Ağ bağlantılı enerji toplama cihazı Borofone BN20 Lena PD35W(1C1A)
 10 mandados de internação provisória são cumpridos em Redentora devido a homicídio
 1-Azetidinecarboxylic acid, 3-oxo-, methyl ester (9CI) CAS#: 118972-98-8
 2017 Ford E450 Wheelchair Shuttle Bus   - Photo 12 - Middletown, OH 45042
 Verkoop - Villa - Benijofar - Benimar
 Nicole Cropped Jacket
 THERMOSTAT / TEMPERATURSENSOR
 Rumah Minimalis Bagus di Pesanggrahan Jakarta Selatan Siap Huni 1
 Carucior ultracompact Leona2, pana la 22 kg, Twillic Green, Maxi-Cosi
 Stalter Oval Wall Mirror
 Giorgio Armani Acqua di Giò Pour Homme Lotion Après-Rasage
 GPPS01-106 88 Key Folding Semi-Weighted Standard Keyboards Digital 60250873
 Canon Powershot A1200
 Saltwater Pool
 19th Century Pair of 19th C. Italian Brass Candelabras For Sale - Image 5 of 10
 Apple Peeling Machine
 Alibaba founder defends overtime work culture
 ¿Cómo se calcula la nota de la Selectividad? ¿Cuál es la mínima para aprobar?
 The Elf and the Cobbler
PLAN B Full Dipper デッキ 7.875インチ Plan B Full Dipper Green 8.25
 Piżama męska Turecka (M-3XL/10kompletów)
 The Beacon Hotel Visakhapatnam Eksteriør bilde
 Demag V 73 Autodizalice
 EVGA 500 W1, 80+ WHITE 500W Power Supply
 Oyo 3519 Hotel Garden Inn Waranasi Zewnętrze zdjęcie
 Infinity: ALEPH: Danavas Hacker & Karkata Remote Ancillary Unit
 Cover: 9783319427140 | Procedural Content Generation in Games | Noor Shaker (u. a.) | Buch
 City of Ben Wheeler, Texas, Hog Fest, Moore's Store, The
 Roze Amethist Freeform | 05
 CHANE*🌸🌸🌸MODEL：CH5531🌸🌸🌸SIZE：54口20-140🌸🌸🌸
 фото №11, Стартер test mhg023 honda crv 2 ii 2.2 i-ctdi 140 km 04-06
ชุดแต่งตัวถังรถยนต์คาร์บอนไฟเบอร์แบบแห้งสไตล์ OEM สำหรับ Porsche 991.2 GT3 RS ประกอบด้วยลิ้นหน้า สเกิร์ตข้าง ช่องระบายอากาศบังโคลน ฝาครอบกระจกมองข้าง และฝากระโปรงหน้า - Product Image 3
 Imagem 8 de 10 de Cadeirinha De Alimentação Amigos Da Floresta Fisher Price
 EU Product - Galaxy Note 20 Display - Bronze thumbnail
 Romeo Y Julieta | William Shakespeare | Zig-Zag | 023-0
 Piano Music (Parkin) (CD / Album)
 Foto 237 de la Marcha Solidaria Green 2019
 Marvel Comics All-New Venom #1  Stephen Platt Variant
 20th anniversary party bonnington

####################

HOW TO COMPLETE THIS TASK:
Set the whole listing down again, unchanged.

ANSWER BELOW:
Ağ bağlantılı enerji toplama cihazı Borofone BN20 Lena PD35W(1C1A)
 10 mandados de internação provisória são cumpridos em Redentora devido a homicídio
 1-Azetidinecarboxylic acid, 3-oxo-, methyl ester (9CI) CAS#: 118972-98-8
 2017 Ford E450 Wheelchair Shuttle Bus   - Photo 12 - Middletown, OH 45042
 Verkoop - Villa - Benijofar - Benimar
 Nicole Cropped Jacket
 THERMOSTAT / TEMPERATURSENSOR
 Rumah Minimalis Bagus di Pesanggrahan Jakarta Selatan Siap Huni 1
 Carucior ultracompact Leona2, pana la 22 kg, Twillic Green, Maxi-Cosi
 Stalter Oval Wall Mirror
 Giorgio Armani Acqua di Giò Pour Homme Lotion Après-Rasage
 GPPS01-106 88 Key Folding Semi-Weighted Standard Keyboards Digital 60250873
 Canon Powershot A1200
 Saltwater Pool
 19th Century Pair of 19th C. Italian Brass Candelabras For Sale - Image 5 of 10
 Apple Peeling Machine
 Alibaba founder defends overtime work culture
 ¿Cómo se calcula la nota de la Selectividad? ¿Cuál es la mínima para aprobar?
 The Elf and the Cobbler
PLAN B Full Dipper デッキ 7.875インチ Plan B Full Dipper Green 8.25
 Piżama męska Turecka (M-3XL/10kompletów)
 The Beacon Hotel Visakhapatnam Eksteriør bilde
 Demag V 73 Autodizalice
 EVGA 500 W1, 80+ WHITE 500W Power Supply
 Oyo 3519 Hotel Garden Inn Waranasi Zewnętrze zdjęcie
 Infinity: ALEPH: Danavas Hacker & Karkata Remote Ancillary Unit
 Cover: 9783319427140 | Procedural Content Generation in Games | Noor Shaker (u. a.) | Buch
 City of Ben Wheeler, Texas, Hog Fest, Moore's Store, The
 Roze Amethist Freeform | 05
 CHANE*🌸🌸🌸MODEL：CH5531🌸🌸🌸SIZE：54口20-140🌸🌸🌸
 фото №11, Стартер test mhg023 honda crv 2 ii 2.2 i-ctdi 140 km 04-06
ชุดแต่งตัวถังรถยนต์คาร์บอนไฟเบอร์แบบแห้งสไตล์ OEM สำหรับ Porsche 991.2 GT3 RS ประกอบด้วยลิ้นหน้า สเกิร์ตข้าง ช่องระบายอากาศบังโคลน ฝาครอบกระจกมองข้าง และฝากระโปรงหน้า - Product Image 3
 Imagem 8 de 10 de Cadeirinha De Alimentação Amigos Da Floresta Fisher Price
 EU Product - Galaxy Note 20 Display - Bronze thumbnail
 Romeo Y Julieta | William Shakespeare | Zig-Zag | 023-0
 Piano Music (Parkin) (CD / Album)
 Foto 237 de la Marcha Solidaria Green 2019
 Marvel Comics All-New Venom #1  Stephen Platt Variant
 20th anniversary party bonnington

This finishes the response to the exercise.